Scientific classification
- Kingdom: Animalia
- Phylum: Chordata
- Class: Amphibia
- Order: Anura
- Family: Ranidae
- Genus: Rana
- Species: R. sierrae
- Binomial name: Rana sierrae Camp, 1917

= Sierra Nevada yellow-legged frog =

- Authority: Camp, 1917
- Conservation status: VU

Species of amphibian

The Sierra Nevada yellow-legged frog (Rana sierrae) is a true frog endemic to the Sierra Nevada of California and Nevada in the United States. R. sierrae was formerly considered R. muscosa, until a 2007 study identified populations north of the Middle Fork Kings River (north of the Monarch Divide and Mather Pass in Kings Canyon National Park) as R. sierrae, with R. muscosa then confined to the southern Sierra Nevada, south of the Middle Fork Kings River and west of the Sierra Crest, and within the transverse ranges of southern California.
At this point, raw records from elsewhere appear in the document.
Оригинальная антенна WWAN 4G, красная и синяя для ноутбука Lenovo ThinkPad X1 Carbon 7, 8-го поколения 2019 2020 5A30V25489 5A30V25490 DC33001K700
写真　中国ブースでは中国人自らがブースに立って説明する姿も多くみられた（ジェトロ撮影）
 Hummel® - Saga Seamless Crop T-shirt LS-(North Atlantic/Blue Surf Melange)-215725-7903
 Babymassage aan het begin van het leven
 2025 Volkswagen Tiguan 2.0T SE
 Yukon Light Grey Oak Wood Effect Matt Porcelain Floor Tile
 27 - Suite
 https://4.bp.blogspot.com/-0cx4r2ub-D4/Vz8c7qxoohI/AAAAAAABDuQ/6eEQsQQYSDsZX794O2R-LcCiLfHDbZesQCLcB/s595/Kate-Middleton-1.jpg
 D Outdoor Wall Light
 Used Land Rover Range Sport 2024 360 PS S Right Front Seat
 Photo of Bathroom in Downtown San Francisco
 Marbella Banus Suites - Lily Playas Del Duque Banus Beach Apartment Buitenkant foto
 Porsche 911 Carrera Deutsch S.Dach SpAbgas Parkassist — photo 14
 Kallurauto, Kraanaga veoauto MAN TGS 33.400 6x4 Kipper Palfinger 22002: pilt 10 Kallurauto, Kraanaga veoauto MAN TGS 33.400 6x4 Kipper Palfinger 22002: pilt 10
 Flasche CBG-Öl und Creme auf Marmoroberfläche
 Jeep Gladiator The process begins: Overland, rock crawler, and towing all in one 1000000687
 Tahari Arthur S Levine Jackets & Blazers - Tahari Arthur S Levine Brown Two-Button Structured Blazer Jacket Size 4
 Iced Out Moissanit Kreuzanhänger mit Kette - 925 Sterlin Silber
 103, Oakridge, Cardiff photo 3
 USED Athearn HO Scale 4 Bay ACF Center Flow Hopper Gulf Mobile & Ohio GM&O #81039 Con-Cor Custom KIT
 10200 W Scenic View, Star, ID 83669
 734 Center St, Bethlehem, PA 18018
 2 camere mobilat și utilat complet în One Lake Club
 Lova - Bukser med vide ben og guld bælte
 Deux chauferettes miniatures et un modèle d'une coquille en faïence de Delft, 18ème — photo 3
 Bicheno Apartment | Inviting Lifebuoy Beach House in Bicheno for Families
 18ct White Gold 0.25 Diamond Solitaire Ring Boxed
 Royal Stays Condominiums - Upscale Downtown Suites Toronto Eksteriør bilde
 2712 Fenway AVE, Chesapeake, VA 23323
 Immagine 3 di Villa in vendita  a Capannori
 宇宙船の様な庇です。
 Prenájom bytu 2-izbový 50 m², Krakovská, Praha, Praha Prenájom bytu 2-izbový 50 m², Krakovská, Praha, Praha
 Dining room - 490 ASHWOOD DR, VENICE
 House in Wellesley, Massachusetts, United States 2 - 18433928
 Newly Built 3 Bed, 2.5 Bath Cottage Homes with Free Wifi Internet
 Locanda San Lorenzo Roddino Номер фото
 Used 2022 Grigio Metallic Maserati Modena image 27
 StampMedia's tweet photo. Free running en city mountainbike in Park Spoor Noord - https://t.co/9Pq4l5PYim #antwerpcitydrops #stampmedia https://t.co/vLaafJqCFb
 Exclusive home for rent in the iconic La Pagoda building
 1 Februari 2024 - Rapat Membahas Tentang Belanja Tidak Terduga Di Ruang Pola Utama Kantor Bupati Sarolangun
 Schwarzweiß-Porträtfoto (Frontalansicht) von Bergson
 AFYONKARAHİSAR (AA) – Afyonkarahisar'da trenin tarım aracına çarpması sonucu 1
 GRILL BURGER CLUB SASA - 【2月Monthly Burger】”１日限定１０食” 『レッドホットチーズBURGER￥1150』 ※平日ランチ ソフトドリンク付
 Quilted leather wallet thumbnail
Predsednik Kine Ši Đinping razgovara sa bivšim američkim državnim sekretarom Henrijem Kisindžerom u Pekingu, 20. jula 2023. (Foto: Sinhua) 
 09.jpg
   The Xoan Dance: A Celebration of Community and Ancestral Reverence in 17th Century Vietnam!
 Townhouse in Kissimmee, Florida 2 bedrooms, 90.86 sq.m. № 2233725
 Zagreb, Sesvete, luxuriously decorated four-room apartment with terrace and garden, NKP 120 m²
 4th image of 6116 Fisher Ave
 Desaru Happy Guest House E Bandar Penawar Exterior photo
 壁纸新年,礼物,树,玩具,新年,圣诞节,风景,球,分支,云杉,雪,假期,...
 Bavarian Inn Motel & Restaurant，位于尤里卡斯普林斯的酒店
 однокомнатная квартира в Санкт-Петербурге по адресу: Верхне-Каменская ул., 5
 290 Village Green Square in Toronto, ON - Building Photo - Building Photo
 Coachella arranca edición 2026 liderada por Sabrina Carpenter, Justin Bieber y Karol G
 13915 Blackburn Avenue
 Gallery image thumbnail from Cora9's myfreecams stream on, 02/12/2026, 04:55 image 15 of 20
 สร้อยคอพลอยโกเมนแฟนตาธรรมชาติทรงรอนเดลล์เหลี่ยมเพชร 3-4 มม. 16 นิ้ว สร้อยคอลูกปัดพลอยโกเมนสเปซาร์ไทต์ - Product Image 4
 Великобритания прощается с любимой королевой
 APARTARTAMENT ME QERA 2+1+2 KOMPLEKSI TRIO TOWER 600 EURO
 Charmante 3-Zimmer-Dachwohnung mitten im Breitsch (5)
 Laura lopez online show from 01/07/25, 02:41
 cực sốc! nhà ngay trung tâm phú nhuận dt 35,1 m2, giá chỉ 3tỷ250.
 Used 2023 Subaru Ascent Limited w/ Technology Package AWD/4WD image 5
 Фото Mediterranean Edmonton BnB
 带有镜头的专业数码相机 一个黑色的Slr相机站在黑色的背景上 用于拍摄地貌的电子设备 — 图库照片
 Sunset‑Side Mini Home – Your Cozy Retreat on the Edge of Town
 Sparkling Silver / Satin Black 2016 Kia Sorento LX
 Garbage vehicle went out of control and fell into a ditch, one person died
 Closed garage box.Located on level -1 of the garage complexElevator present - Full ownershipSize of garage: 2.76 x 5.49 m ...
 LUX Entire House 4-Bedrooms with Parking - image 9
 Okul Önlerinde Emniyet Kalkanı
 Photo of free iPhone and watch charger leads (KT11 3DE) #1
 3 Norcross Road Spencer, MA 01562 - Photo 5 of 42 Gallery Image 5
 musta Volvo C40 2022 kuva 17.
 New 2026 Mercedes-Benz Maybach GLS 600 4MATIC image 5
Once abundant in the Sierra Nevada, some estimates suggest populations of R. sierrae have declined over 90% (although other agency estimates suggest the declines for R. sierrae may have been around 70%, when comparing historic vs occupied localities, as of 2011). The potential ecological effects of these declines are not fully known, but the species was once highly abundant in the Sierra Nevada, and is therefore likely important for nutrient and energy cycling in alpine aquatic and terrestrial ecosystems.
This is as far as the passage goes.